### WHAT IS BEING ASKED
From the line that contains "Cowboy Boot Necklace Gold Tone Adjustable" through the line that contains "Adult Girls Solitude PowerPoint Template", output every line of the listing below exactly and leave out all the rest.

### RECORDS FOR PROCESSING

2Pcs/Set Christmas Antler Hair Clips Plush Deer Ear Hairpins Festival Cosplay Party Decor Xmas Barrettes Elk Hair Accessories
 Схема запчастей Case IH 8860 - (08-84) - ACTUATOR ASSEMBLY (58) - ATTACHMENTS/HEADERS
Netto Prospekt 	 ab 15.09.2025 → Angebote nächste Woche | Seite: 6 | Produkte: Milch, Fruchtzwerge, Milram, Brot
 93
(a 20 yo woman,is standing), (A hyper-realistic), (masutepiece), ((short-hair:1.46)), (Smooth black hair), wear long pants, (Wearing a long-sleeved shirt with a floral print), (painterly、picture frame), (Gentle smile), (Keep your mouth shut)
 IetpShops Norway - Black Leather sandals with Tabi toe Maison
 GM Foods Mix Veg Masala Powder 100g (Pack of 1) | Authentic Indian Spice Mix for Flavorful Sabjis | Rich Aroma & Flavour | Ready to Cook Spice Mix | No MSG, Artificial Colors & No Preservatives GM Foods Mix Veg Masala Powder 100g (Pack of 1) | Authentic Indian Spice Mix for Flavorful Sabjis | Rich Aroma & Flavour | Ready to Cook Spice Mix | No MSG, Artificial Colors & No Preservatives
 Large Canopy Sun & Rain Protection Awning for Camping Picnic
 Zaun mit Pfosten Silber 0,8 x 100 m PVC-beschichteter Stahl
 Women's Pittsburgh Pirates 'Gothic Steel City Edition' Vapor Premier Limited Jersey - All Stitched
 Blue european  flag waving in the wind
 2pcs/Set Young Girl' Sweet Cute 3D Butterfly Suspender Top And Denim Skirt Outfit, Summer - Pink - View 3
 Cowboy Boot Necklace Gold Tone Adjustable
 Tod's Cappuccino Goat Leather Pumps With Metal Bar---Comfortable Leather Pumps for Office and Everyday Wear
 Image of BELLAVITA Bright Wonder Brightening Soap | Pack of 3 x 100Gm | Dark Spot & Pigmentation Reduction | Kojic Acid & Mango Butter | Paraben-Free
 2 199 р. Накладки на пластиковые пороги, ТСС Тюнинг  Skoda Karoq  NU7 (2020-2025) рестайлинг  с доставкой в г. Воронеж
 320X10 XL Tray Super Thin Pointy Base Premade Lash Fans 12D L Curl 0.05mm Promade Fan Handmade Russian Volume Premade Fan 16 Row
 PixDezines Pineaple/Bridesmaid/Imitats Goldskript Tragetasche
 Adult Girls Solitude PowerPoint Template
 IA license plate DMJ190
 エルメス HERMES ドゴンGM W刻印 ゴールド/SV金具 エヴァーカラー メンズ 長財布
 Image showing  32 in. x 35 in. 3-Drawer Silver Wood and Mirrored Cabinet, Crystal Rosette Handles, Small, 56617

### WRITTEN RESPONSE
 Cowboy Boot Necklace Gold Tone Adjustable
 Tod's Cappuccino Goat Leather Pumps With Metal Bar---Comfortable Leather Pumps for Office and Everyday Wear
 Image of BELLAVITA Bright Wonder Brightening Soap | Pack of 3 x 100Gm | Dark Spot & Pigmentation Reduction | Kojic Acid & Mango Butter | Paraben-Free
 2 199 р. Накладки на пластиковые пороги, ТСС Тюнинг  Skoda Karoq  NU7 (2020-2025) рестайлинг  с доставкой в г. Воронеж
 320X10 XL Tray Super Thin Pointy Base Premade Lash Fans 12D L Curl 0.05mm Promade Fan Handmade Russian Volume Premade Fan 16 Row
 PixDezines Pineaple/Bridesmaid/Imitats Goldskript Tragetasche
 Adult Girls Solitude PowerPoint Template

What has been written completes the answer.